DATED 1540, SIGNED WITH THE .X. OF FRANCESCO XANTO AVELLI DA ROVIGO

Details
AN ITALIAN MAIOLICA ISTORIATO DISH
Dated 1540, signed with the .X. of Francesco Xanto Avelli da Rovigo
Painted with the mythological story of Hero and Leander, Leander depicted drowned in the foreground, his inconsolable lover Hero throwing herself out of a tower window in desperation, figures lamenting on either side, a fantasy landscape in the background, the reverse inscribed in blue Leandro in mare, et/Ero alla finestra (Leander in the sea and Hero at the window), yellow line rim
10¾ in. (27.3 cm.) diam.
Provenance
Jakob Goldschmidt-Rothschild, Berlin.
By descent through the family.

Lot Essay

The present dish is related to another of the same subject and with a similar inscription, dated 1538, unsigned and with a surface likely either lustered in the workshop of Maestro Giorgio Andreoli of Gubbio, or by Vicenzo Andreoli, Urbino. Formerly in the collections of Louis-Fidel Debruge Duminil and Peter A. B. Widener, among others, it is now in the National Gallery of Art, Washington, D.C. [1942.9.337].

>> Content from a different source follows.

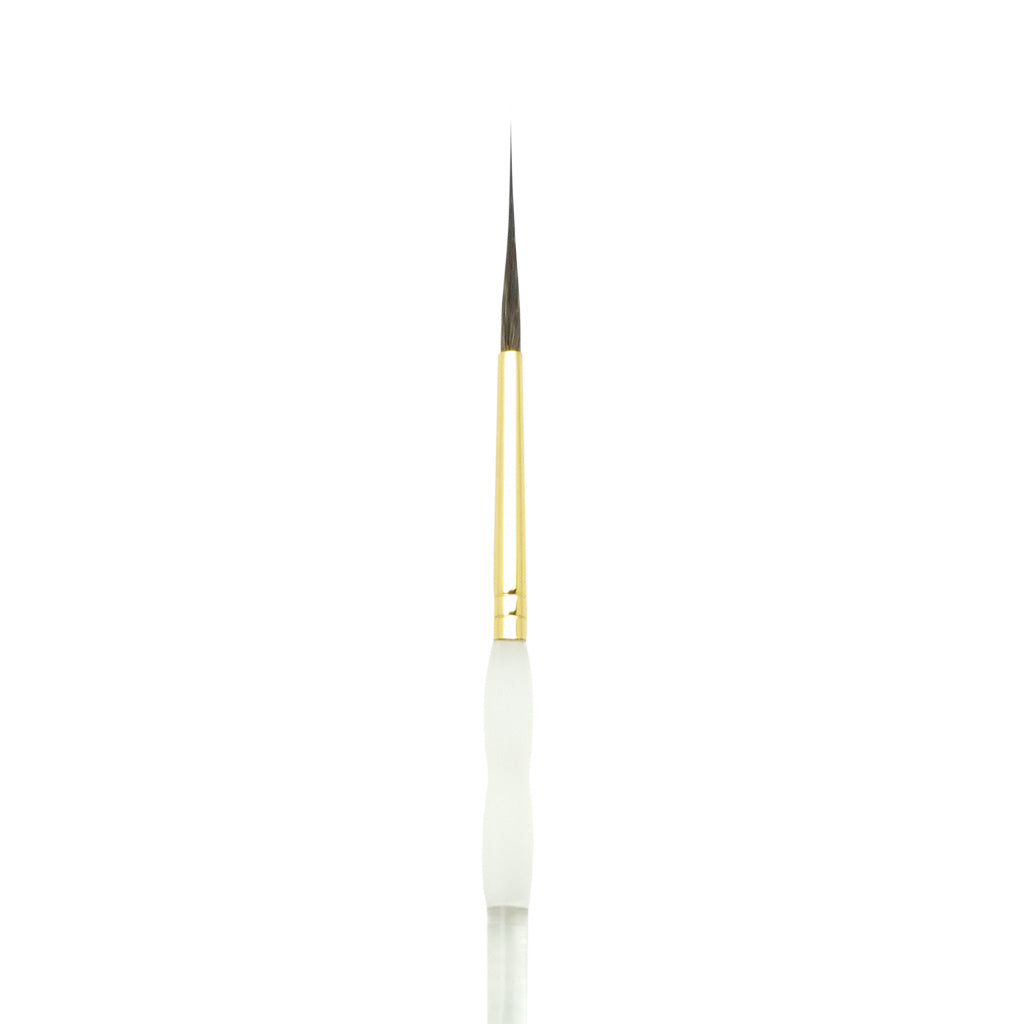 R2195-4 - Aqualon™ Fabulous Fine Point Liner Brush - 4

The scene depicted tells the story of Leander and Hero. A youth of Abydos in Egypt, Leander was in love with Hero, a young priestess of Aphrodite at Sestos. To be with her, he swam each night across the Hellespont, guided by a lamp which Hero would light each evening. One stormy night, the wind extinguished the lamp and Leander, lost and overcome with fatigue, drowned. His body washed up on the shore at Sestos and was discovered by Hero the next day. Unable to cope with her loss, the young priestess threw herself into the sea, thus joining her lover for eternity.

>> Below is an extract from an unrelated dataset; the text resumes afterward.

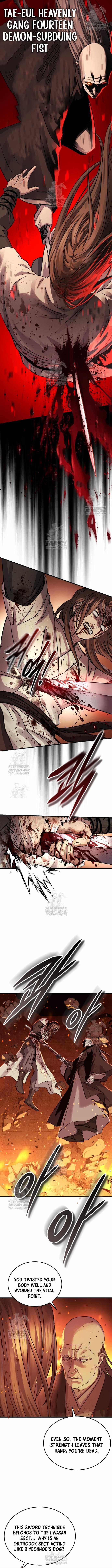 Absolute Dominion - Chapter 74 - Page 12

As with much of Xanto's work, the individual figures are based on known contemporary print sources which were "cut-and-pasted" as needed to illustrate a given scene. The images on the present dish vary somewhat from the example in Washington, although the general composition is the same. Easily recognizable is the figure of the lamenting putto at the right. Taken from an engraving by Agostino Musi, called Agostino Veneziano after a drawing by Raphael, it was used by Xanto on a dish acquired by Arthur M. Sackler, sold Christie's New York, 1 June 1994, lot 23.

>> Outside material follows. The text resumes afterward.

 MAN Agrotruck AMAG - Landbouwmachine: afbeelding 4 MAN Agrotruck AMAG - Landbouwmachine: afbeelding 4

For an in depth study of the work of Xanto Avelli, the subject of a recent exhibition at The Wallace Collection, London, see J.V.G. Mallet, Xanto, Potter-Painter, Poet, Man of the Italian Renaissance, London, 2007. The present dish was not included in the listing of extant examples, Appendix C, as its existence was unknown at the time of publication. It will be included in an updated listing of Francesco Xanto Avelli da Rovigo's oeuvre.